GIVEN DATA.
*** Block opens ***
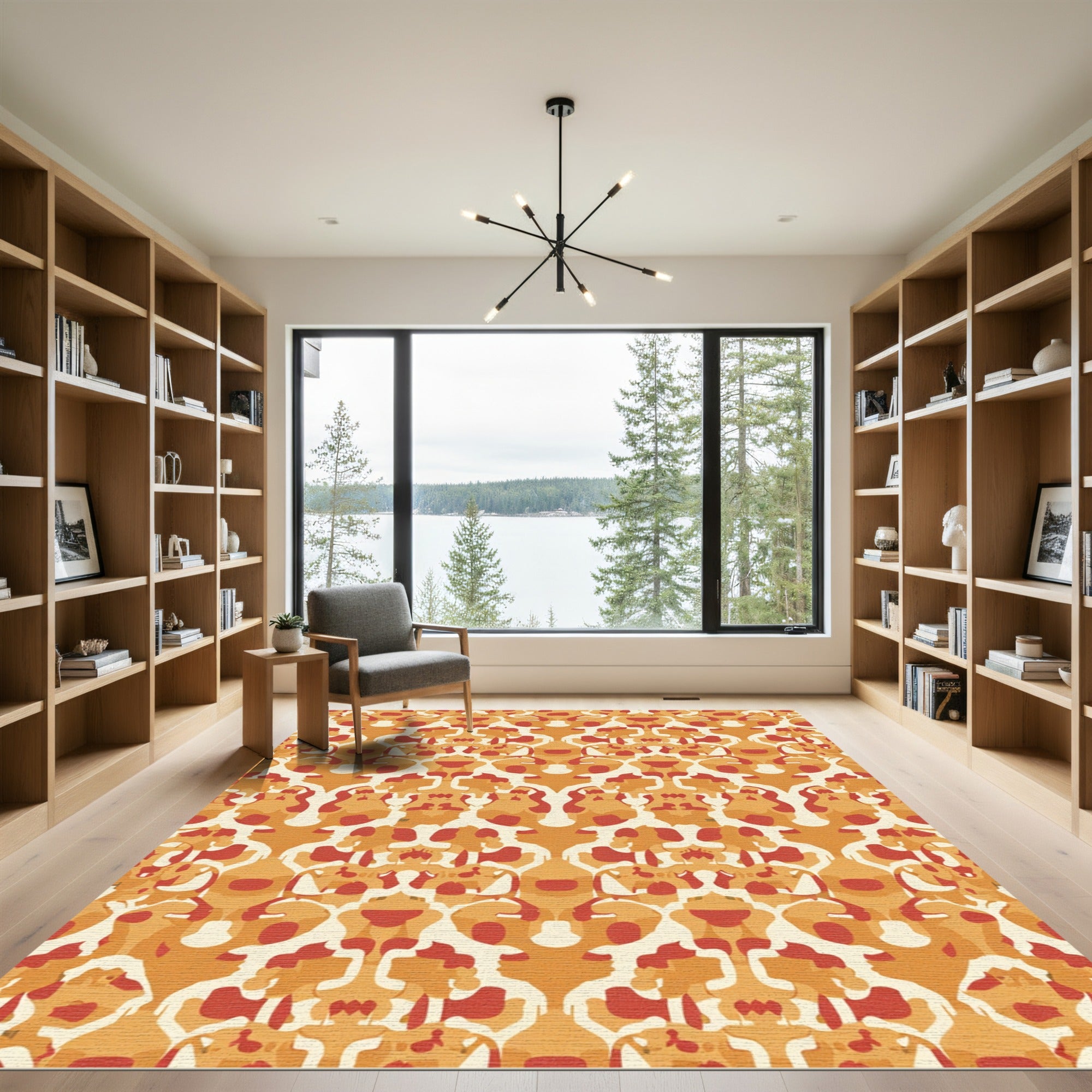 Warm Ochre Red Organic Mosaic Rug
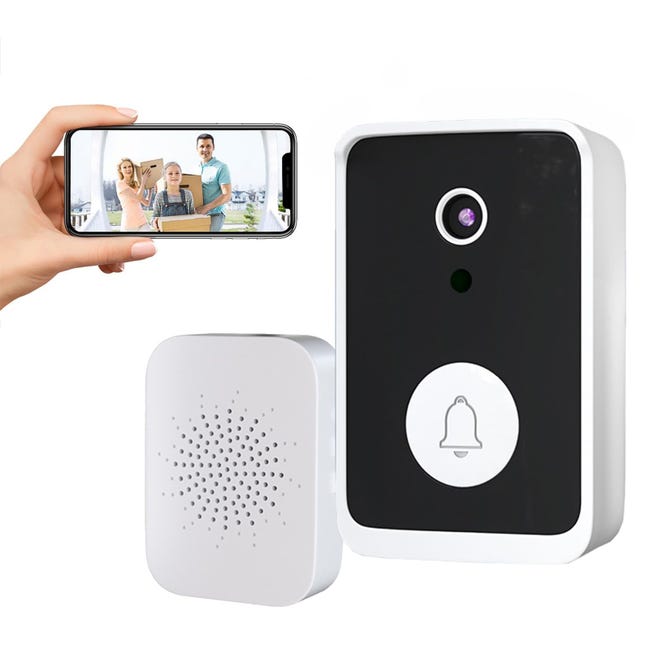 Campanello Smart WiFi Con Videocamera: Citofono Wireless, Rilevamento Movimento, Visione Notturna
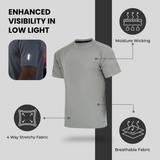 Men's Breathable Quick-Dry Gym T-Shirt with Reflective Sleeves - Plain Gray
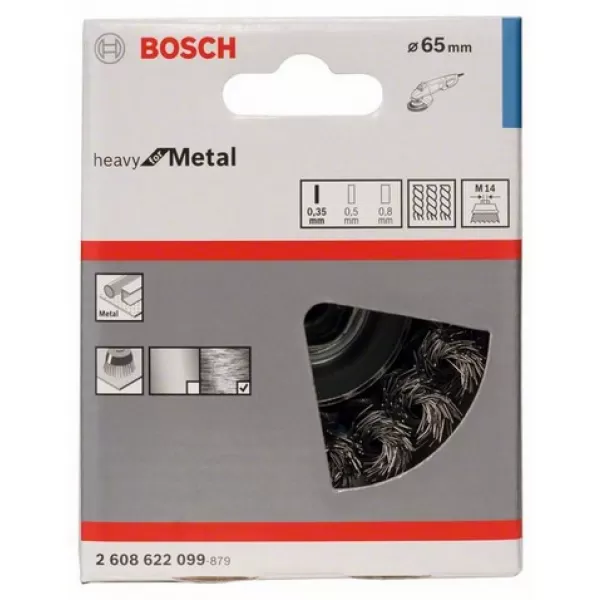 Kartáč hrncový copánkový 75mm, 0,5 mm, M14, Bosch 1608622029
*** Block closes ***
Write the listing out again in full and unchanged, minus any pictures.

ANSWER TO THE PROBLEM.
 Warm Ochre Red Organic Mosaic Rug
 Campanello Smart WiFi Con Videocamera: Citofono Wireless, Rilevamento Movimento, Visione Notturna
 Men's Breathable Quick-Dry Gym T-Shirt with Reflective Sleeves - Plain Gray
 Kartáč hrncový copánkový 75mm, 0,5 mm, M14, Bosch 1608622029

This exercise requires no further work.